Dump this section and its children to a file-like object

dump_children(f, indent='')

Dump the children of the current section to a file-like object

get_name()

Return the name of this section

insert(index, child)

Insert a child section or keyword

load(f, line=None)

Load this section from a file-like object

load_children(f)

Load the children of this section from a file-like object

name

Return the name of this section

readline(f)

A helper method that only reads uncommented lines

class molmod.io.cp2k.CP2KKeyword(name='', value='', unit=None)

Data structure representing a keyword-value pair in a CP2K input file

Optional arguments:
name – The keyword name
value – The associated value
unit – The unit (user must guarantee validity of the unit)
dump(f, indent='')

Dump this keyword to a file-like object

get_name()

Get the name of the keyword

get_unit()

Get the name of the unit

get_value()

Get the value of the keyword

load(line)

Load this keyword from a file-like object

name

Get the name of the keyword

set_value(value)

Set the value associated with the keyword

unit

Get the name of the unit

value

Get the value of the keyword

class molmod.io.cp2k.CP2KInputFile(children=None)

Data structure representing an entire CP2K input file

Initialize a new (empty) CP2KInputFile object

dump(f, indent='')

Dump the CP2KInput data structure to a file-like object

static read_from_file(filename)
Arguments:
filename – the filename of the input file

Use as follows:

>>> if = CP2KInputFile.read_from_file("somefile.inp")
>>> for section in if:
...     print section.name
write_to_file(filename)

Write the CP2KInput data structure to a file

molmod.io.cpmd – CPMD Files

class molmod.io.cpmd.CPMDTrajectoryReader(f, sub=slice(None, None, None))

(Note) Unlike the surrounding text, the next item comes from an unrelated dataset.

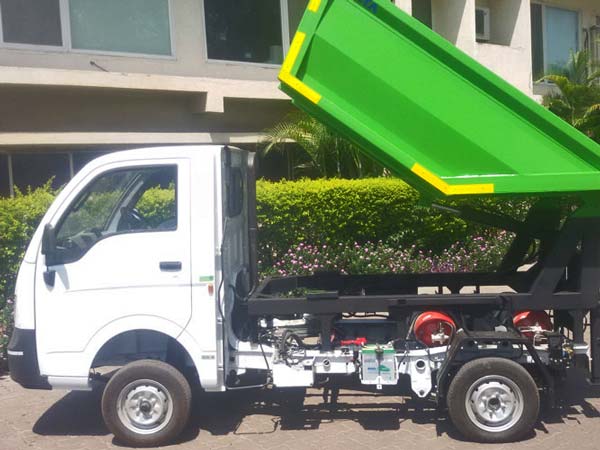 ಕಸ ವಿಲೇವಾರಿ ನಿರ್ವಹಣಾ ವೆಚ್ಚವನ್ನು ತಗ್ಗಿಸಿದ ಎಲೆಕ್ಟ್ರಿಕ್ ವಾಹನಗಳ ಬಳಕೆ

A Reader for CPMD trajectory files

Use this reader as an iterator:

>>> ldr = CPMDTrajectoryReader("TRAJECTORY")
>>> for pos, vel in ldr:
...     print pos[4,2]
Arguments:
f – a filename or a file-like object
Optional argument:
sub – a slice object indicating which time frames to skip/read

molmod.io.gamess – Gamess punch files

class molmod.io.gamess.PunchFile(filename)

Reader for GAMESS Punch files.

After initialization, the data from the file is available as attributes of the created object. The following attributes are created if the corresponding data is present in the punch file: title, symmetry, symbols, numbers, coordinates, energy, gradient and hessian.

Argument:
filename – The file to load from.

molmod.io.cube – Gaussian Cube Files

molmod.io.cube.get_cube_points(origin, axes, nrep)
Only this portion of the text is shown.